Infographic: Lost in Space
View full size JPG | PDFTAMI TOLPA (MAZE); CAROL BARNES (COGNITIVE MAPS, SOURCE: NATURE 388/ 17 JULY 1997)

By recording from many individual place cells at once, using a multipronged electrode (the tetrode) developed by McNaughton, and determining which physical locations activated different cells in the brain, it was possible to visualize how the hippocampus constructs a “cognitive map” of the surroundings. If young rats were given one maze-running session in the morning, and another session in the afternoon, the same hippocampal map was retrieved at both time points—suggesting that the pattern of neuronal firing represented the memory of their walking through the rectangular, figure-eight maze. What surprised us was that about 30 percent of the time, when old rats went back for their second run of the day, a different place-cell distribution would appear—as if the older animals were retrieving the wrong hippocampal map.⁴ Certainly a rat navigating a familiar space with the wrong map is likely to appear lost, or as though it had forgotten its way. But why was the rat retrieving the wrong map?

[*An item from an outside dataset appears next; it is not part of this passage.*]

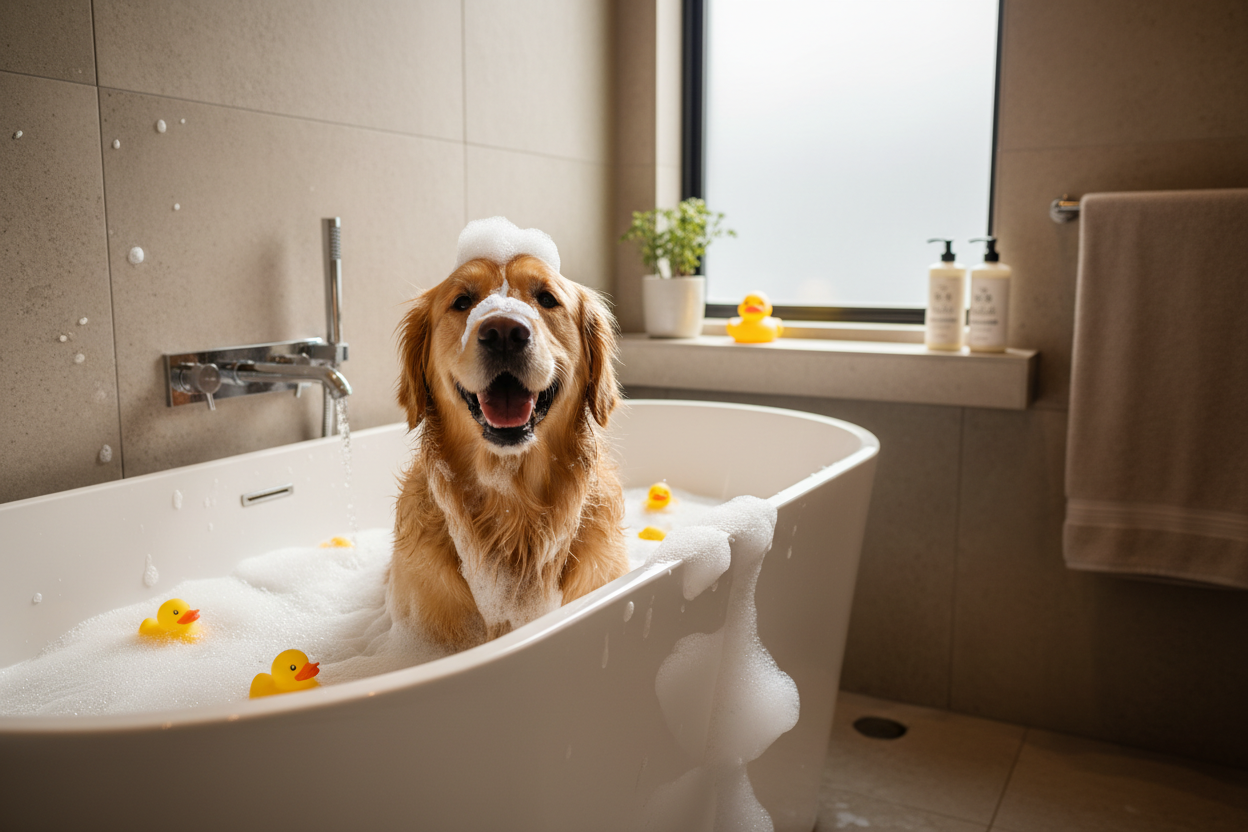 🛁 The Complete Grooming Guide for Dogs Who Hate Bath Time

The possible answer to this question was published in 1998 by Cliff Kentros, now at the University of Oregon. In young rats, Cliff pharmacologically blocked the NMDA receptor, a critical gateway regulating LTP and synaptic strengthening. When he and colleagues used a dose large enough to block the formation of LTP, the cognitive maps of the young rats began to degrade over time in much the same way as observed in aged rats, suggesting that faulty LTP mechanisms may be responsible for map instability in aging.⁵

Connecting the hippocampal dots

Even though the new multiple tetrode recording method was a large advance over the limitations of recording one or two neurons at a time, these methods were still constrained to sample sizes of ~100 to 200 cells.

One recent advance has allowed us to monitor cell activity on a broader scale, not with electrodes, but by tracking the expression of genes that are rapidly expressed during behavior. Monitoring the expression of one such gene, Arc, during behavioral tests, for example, John Guzowski in my lab developed a method that could report on activity over hundreds of thousands of cells across the brain (the ‘catFISH’ method).⁶ This large-scale imaging of single cells has been critical for identifying which cells, within which memory circuits, are altered during normal aging.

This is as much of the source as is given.